# WHAT THE TASK ASKS:
Write out only the final part of the records below. It begins with the line that contains "2014 KEYSTONE BULLET" and ends with the last line.

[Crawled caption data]
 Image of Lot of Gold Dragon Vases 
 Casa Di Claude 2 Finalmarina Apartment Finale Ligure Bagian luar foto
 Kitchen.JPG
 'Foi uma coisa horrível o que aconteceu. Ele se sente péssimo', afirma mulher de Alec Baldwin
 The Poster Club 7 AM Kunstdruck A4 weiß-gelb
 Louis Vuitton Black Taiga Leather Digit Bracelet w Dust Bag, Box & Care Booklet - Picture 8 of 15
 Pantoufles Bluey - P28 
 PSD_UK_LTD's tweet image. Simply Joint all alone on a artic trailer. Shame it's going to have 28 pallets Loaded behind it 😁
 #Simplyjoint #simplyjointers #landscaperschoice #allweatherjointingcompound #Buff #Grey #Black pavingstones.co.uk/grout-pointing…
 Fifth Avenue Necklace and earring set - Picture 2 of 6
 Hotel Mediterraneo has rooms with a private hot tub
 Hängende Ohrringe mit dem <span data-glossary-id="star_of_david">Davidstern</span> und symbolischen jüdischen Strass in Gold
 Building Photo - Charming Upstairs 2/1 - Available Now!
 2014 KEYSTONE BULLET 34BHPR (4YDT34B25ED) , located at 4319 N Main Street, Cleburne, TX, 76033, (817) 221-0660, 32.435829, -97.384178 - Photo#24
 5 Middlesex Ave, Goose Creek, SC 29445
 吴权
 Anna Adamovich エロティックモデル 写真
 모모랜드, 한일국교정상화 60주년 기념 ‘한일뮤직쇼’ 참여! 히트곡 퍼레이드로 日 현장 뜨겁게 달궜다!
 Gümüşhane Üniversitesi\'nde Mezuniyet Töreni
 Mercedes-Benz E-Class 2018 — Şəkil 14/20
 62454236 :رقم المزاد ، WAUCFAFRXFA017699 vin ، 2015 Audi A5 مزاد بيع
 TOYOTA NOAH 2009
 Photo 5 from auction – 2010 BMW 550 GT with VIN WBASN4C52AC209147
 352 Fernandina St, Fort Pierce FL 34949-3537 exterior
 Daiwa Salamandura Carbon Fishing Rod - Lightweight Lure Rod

# RESULT OF THE TASK:
 2014 KEYSTONE BULLET 34BHPR (4YDT34B25ED) , located at 4319 N Main Street, Cleburne, TX, 76033, (817) 221-0660, 32.435829, -97.384178 - Photo#24
 5 Middlesex Ave, Goose Creek, SC 29445
 吴权
 Anna Adamovich エロティックモデル 写真
 모모랜드, 한일국교정상화 60주년 기념 ‘한일뮤직쇼’ 참여! 히트곡 퍼레이드로 日 현장 뜨겁게 달궜다!
 Gümüşhane Üniversitesi\'nde Mezuniyet Töreni
 Mercedes-Benz E-Class 2018 — Şəkil 14/20
 62454236 :رقم المزاد ، WAUCFAFRXFA017699 vin ، 2015 Audi A5 مزاد بيع
 TOYOTA NOAH 2009
 Photo 5 from auction – 2010 BMW 550 GT with VIN WBASN4C52AC209147
 352 Fernandina St, Fort Pierce FL 34949-3537 exterior
 Daiwa Salamandura Carbon Fishing Rod - Lightweight Lure Rod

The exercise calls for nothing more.